## Activity
Once the pictures are removed, output the remaining entries exactly as given.

## Information shown
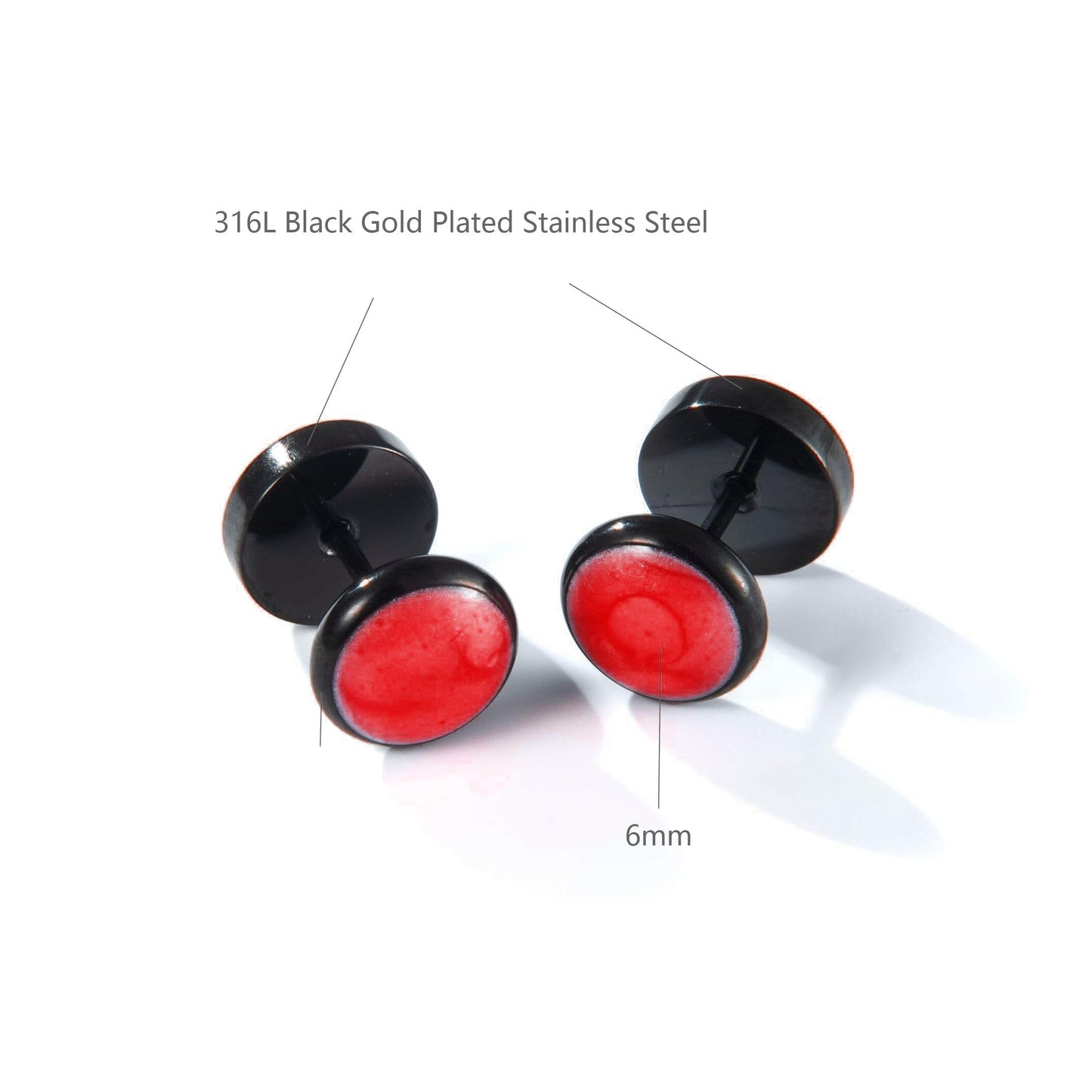 Titanium Red Screw Flat Back Earrings Hypoallergenic for Sensitive Ears Barbell Black Gold Plated Surgical Stainlesss Steel Screw Back Earrings for Women Men Punk Helix Piercing Ear Studs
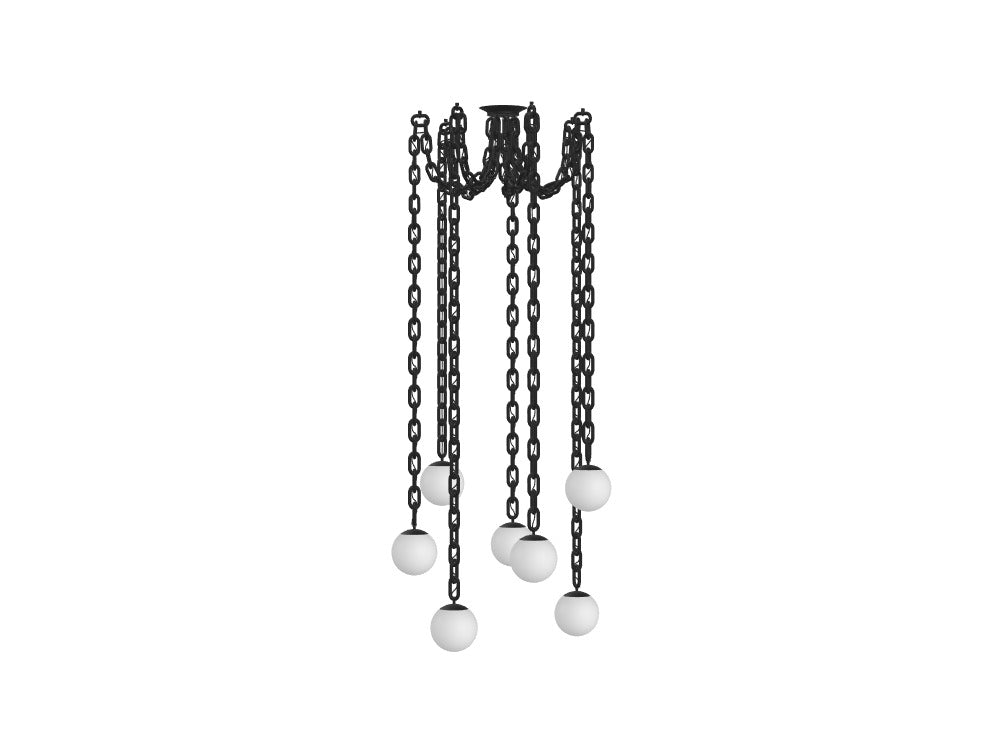 High Ceiling Swag Chandelier – 7 Globe Pendant | Black Thick Chain, 10" White Globes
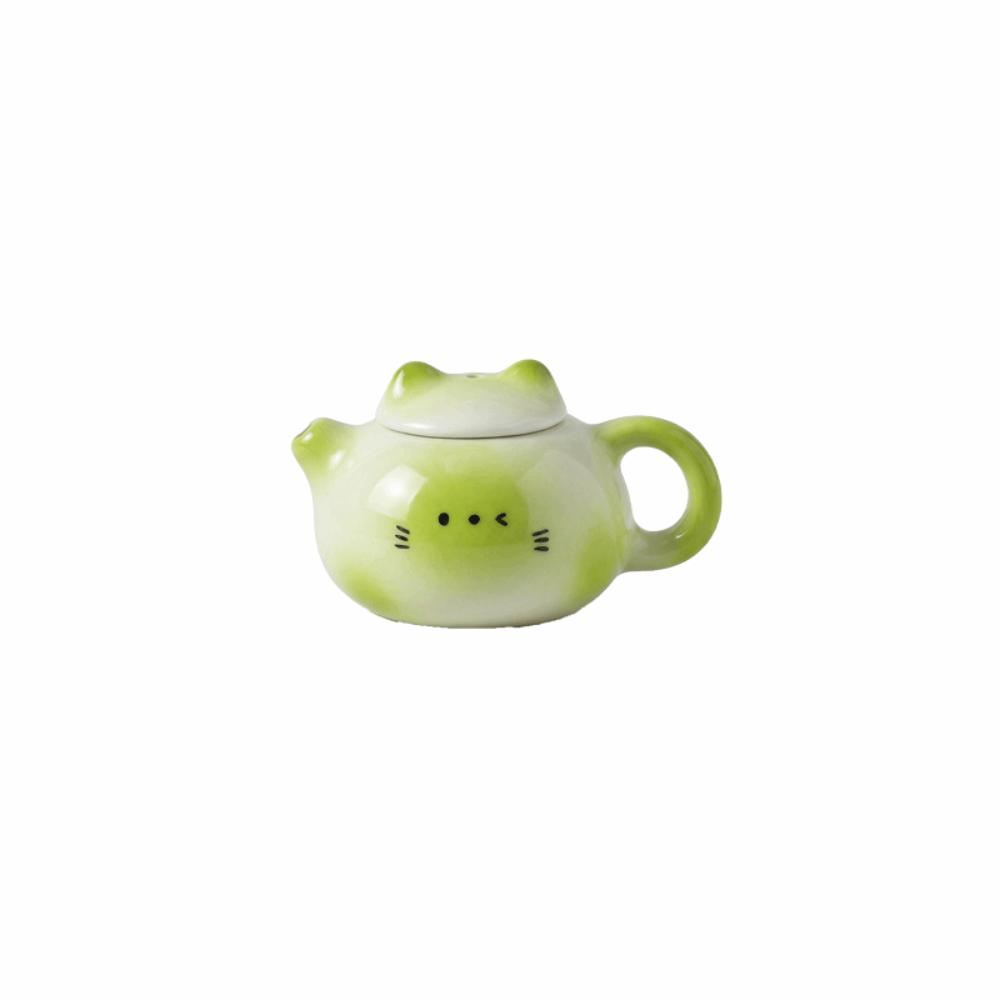 Traditional Mini Ceramic Teapot Ornaments Exquisite Ceramic Cat Ear Pot  Tea Ceremony White Green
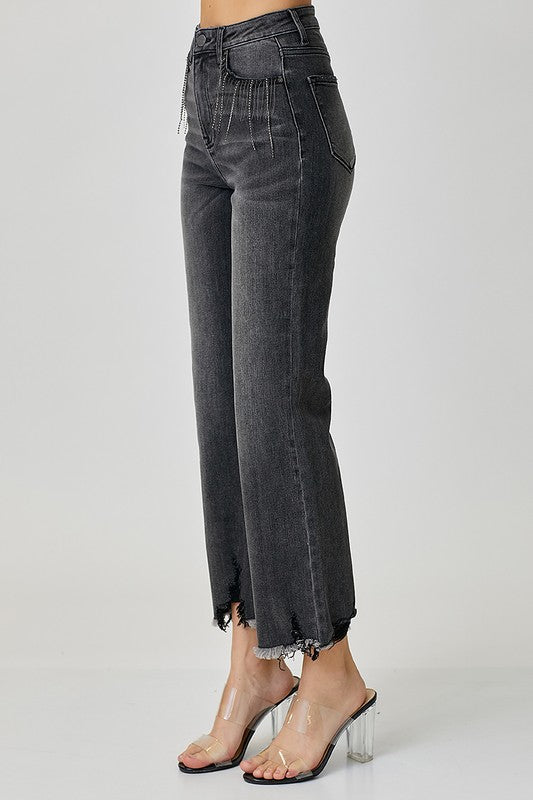 Risen: Crushin’ It GREY Rhinestone Jeans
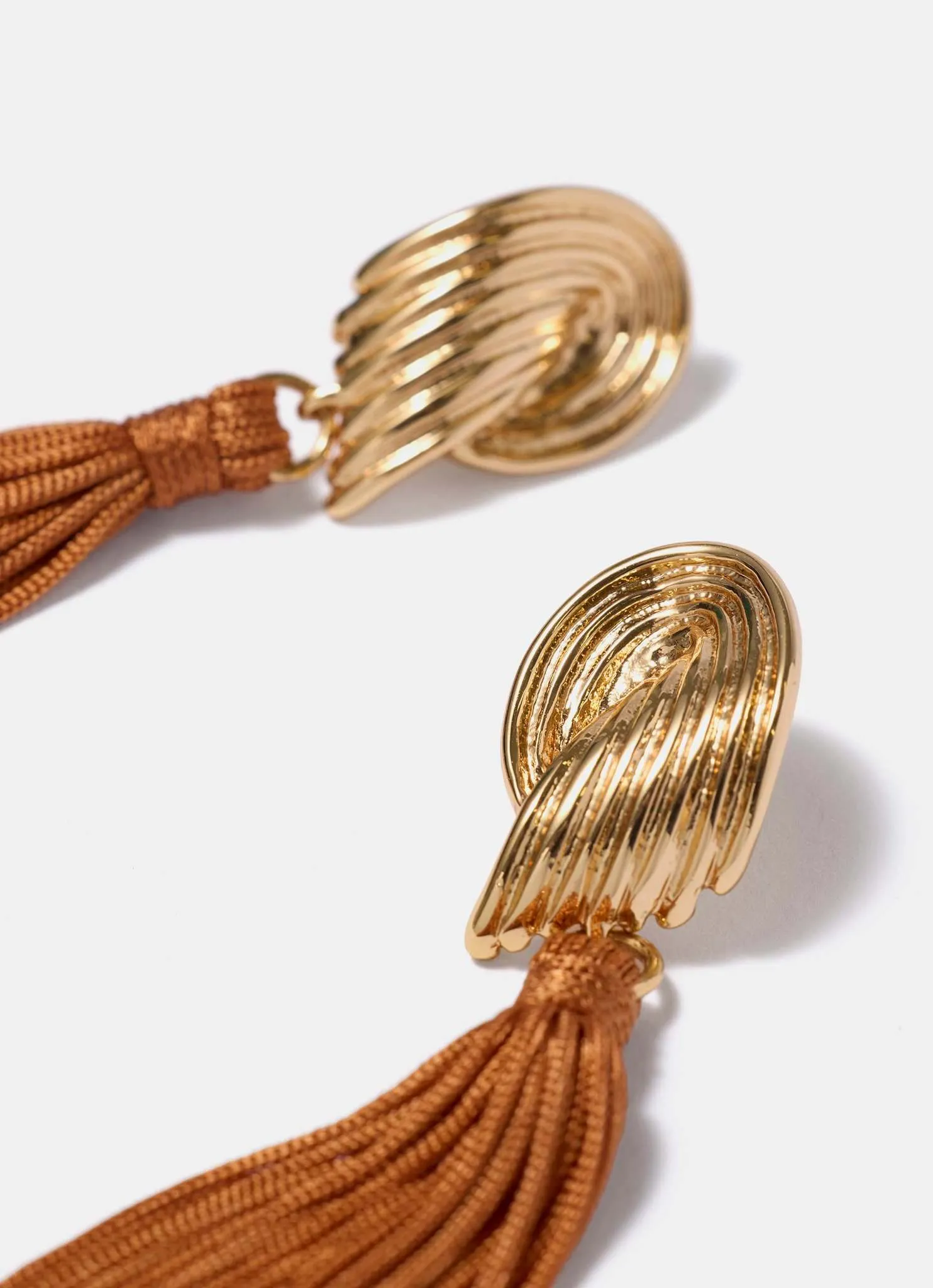 Gold Tone Ridged Wing Tassel Earrings sold by Mint Velvet product image thumbnail 4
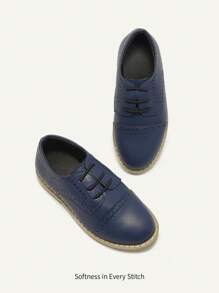 Cozy Pixies All-Match Versatile College Style English Oxford Casual Slip-On Flat Shoes For Baby Boys, Spring/Summer - Royal Blue - View 2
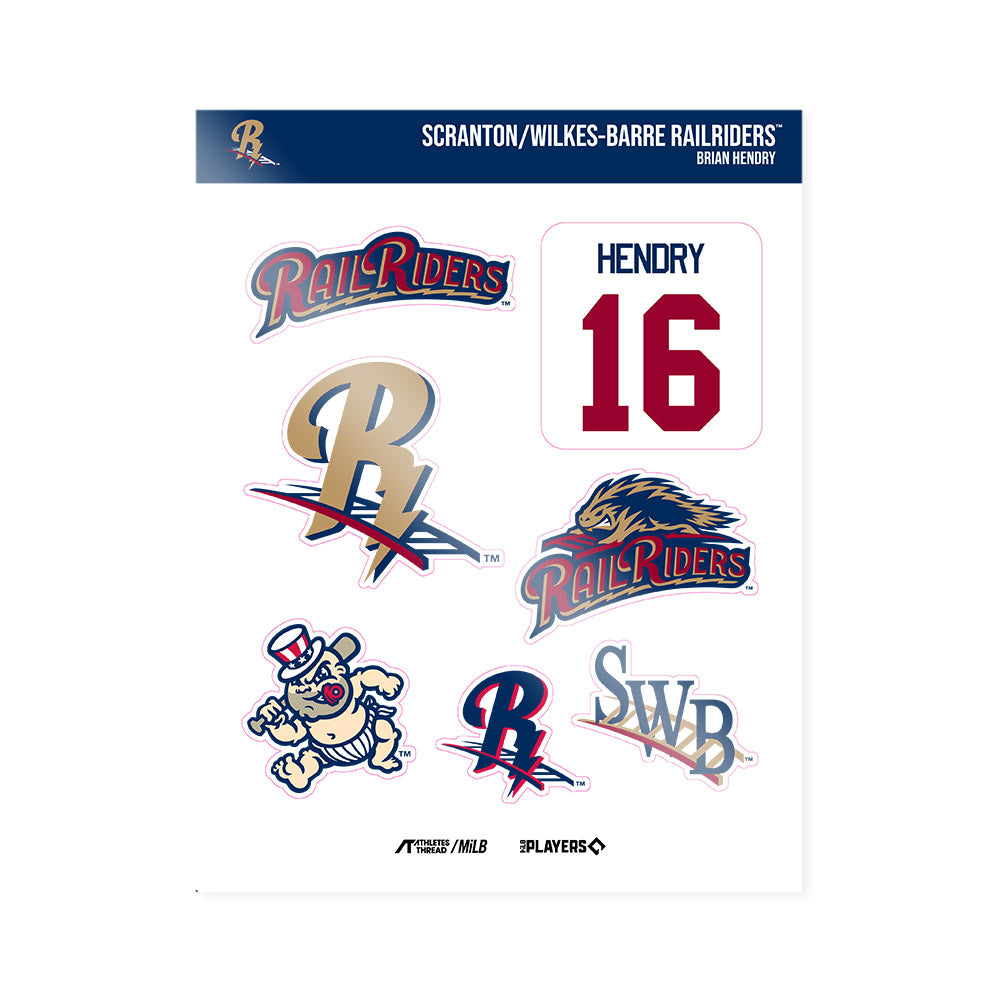 SWB RailRiders - MILB Baseball : Brian Hendry - Sticker Sheet-0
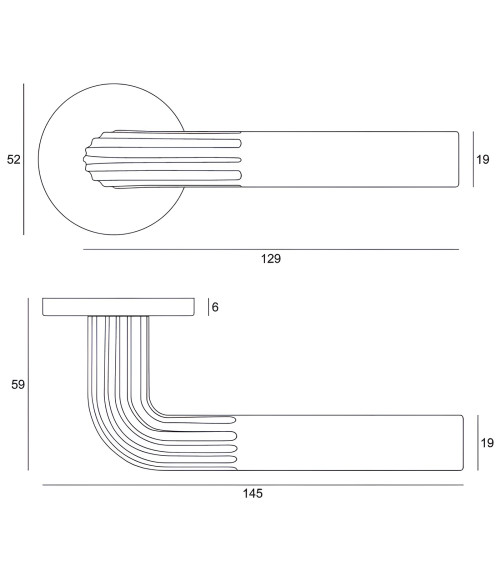 Minimalist zamak door handle FRELLA round designer handle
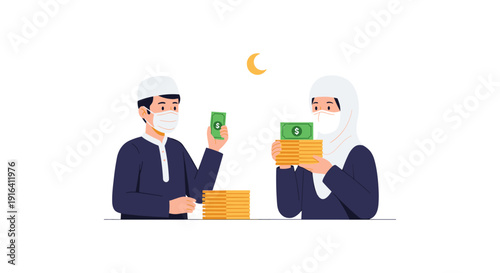 Illustration of a Muslim man and woman exchanging stacks of money under the crescent moon, symbolizing financial transactions during Ramadan.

## Finished exercise
 Titanium Red Screw Flat Back Earrings Hypoallergenic for Sensitive Ears Barbell Black Gold Plated Surgical Stainlesss Steel Screw Back Earrings for Women Men Punk Helix Piercing Ear Studs
 High Ceiling Swag Chandelier – 7 Globe Pendant | Black Thick Chain, 10" White Globes
 Traditional Mini Ceramic Teapot Ornaments Exquisite Ceramic Cat Ear Pot  Tea Ceremony White Green
 Risen: Crushin’ It GREY Rhinestone Jeans
 Gold Tone Ridged Wing Tassel Earrings sold by Mint Velvet product image thumbnail 4
 Cozy Pixies All-Match Versatile College Style English Oxford Casual Slip-On Flat Shoes For Baby Boys, Spring/Summer - Royal Blue - View 2
 SWB RailRiders - MILB Baseball : Brian Hendry - Sticker Sheet-0
 Minimalist zamak door handle FRELLA round designer handle
 Illustration of a Muslim man and woman exchanging stacks of money under the crescent moon, symbolizing financial transactions during Ramadan.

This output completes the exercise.